Na visão ingênua de alguns economistas, uma das vantagens do regime de "currency board" seria exatamente tornar automática a obtenção destes requisitos. O governo perde a capacidade de emitir (só pode fazê-lo quando aumentam as reservas externas). Portanto, sabe que se seus credores deixarem de investir, será impossível ter déficit público e será vital que o estoque da dívida seja pequeno, para ser possível honrar seu serviço e evitar uma moratória.
A ingenuidade vem da conclusão que, se a lógica do regime é esta, a realidade também o será, independentemente das pressões políticas. Na Argentina nada disto aconteceu. Entre 1991 e 2.000, lembrou Murphy, a economia argentina cresceu 42%, mas os gastos públicos subiram 90%. A dívida federal quase duplicou, para 45,9% do PIB; o gasto com juros subiu para 5% do PIB.
Em vez de gerar superávits primários quando crescia, para reduzir a dívida e precaver-se contra choques futuros, a Argentina continuou a gerar déficits.
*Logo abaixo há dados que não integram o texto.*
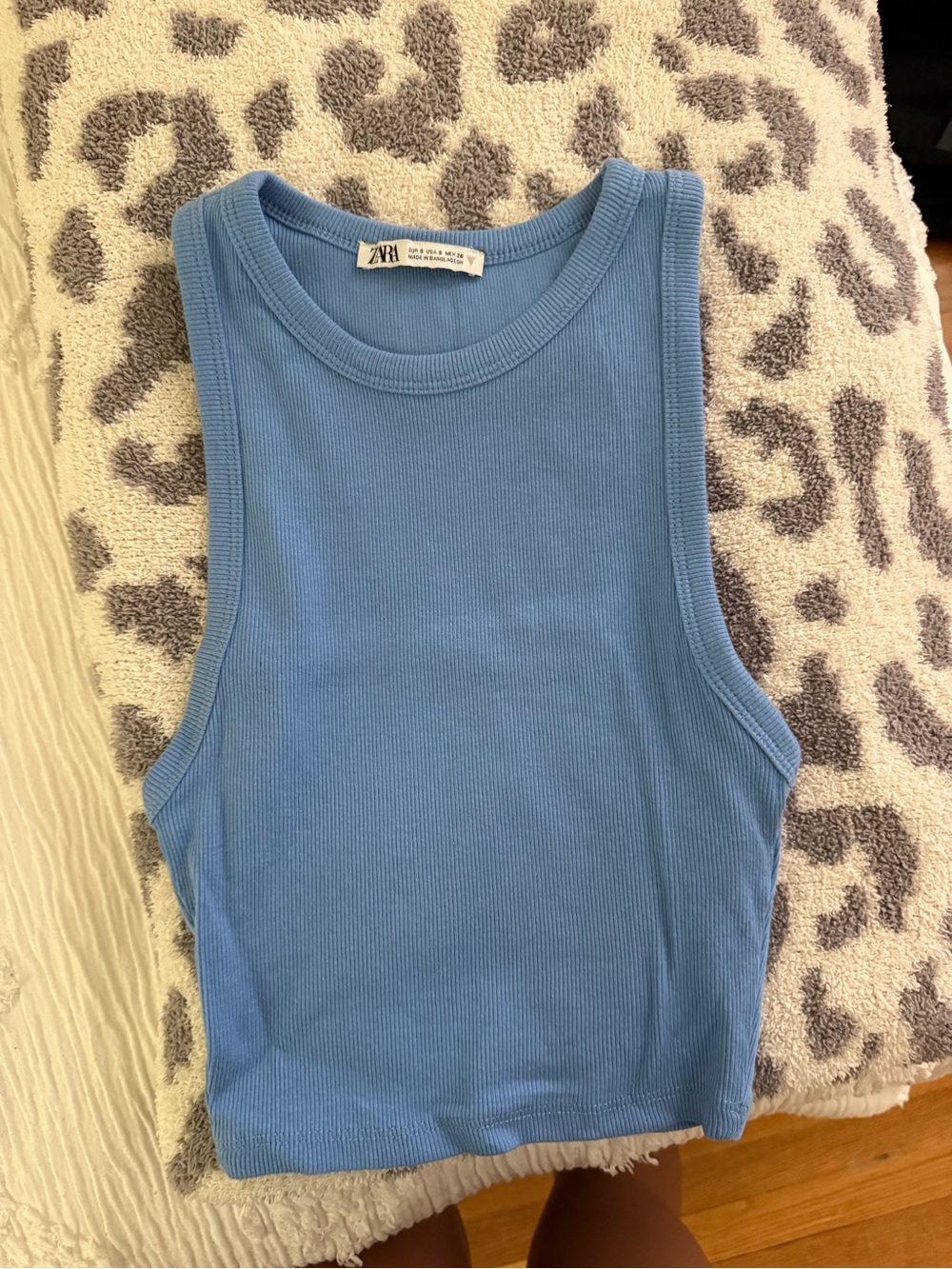 Zara Light Blue Ribbed Tank - Sleeveless Crewneck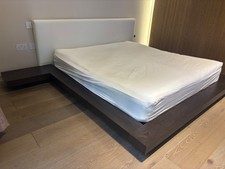 Wooden Platform Bed with nightstands white headboard  Super King Dark Ash Wood  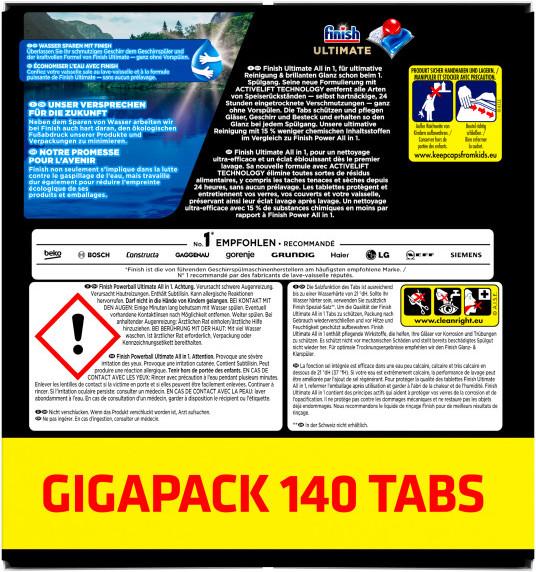 Image du produit Finish Tablettes pour lave-vaisselle Ultimate All in 1 Gigapack (Tabs, 140 Cycles de lavage)
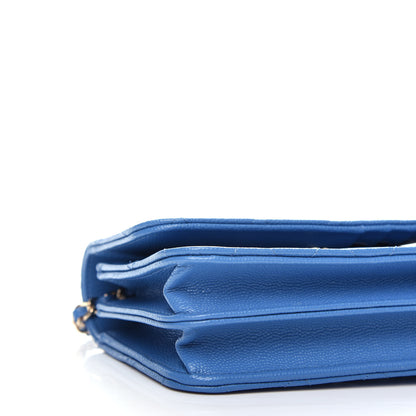 Chanel Caviar Quilted Mini Wallet On Chain WOC Blue 8 of 11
Os choques externos, desde 97 (crise russa, desvalorização brasileira, queda nos preços das "commodities" e valorização do dólar), foram interpretados como "transitórios", diz Murphy, e decidiu-se enfrentá-los elevando ainda mais a dívida.
O resultado é que, quando o mercado fechou-se, o tamanho do ajuste, via redução de preços e salários (especialmente públicos) tornou-se politicamente complicadíssimo. Na lógica do "currency board", o déficit tem que ser zerado, o dinheiro das províncias controlado, os salários e aposentadorias do setor público têm que cair e a política trabalhista precisa ser flexível. Em Hong Kong, que também tem "currency board", esta disciplina tem sido possível. Na Argentina, a gigantesca crise política mostra que é difícil compatibilizar um regime deste tipo com países democráticos, onde há direitos e votos trabalhistas.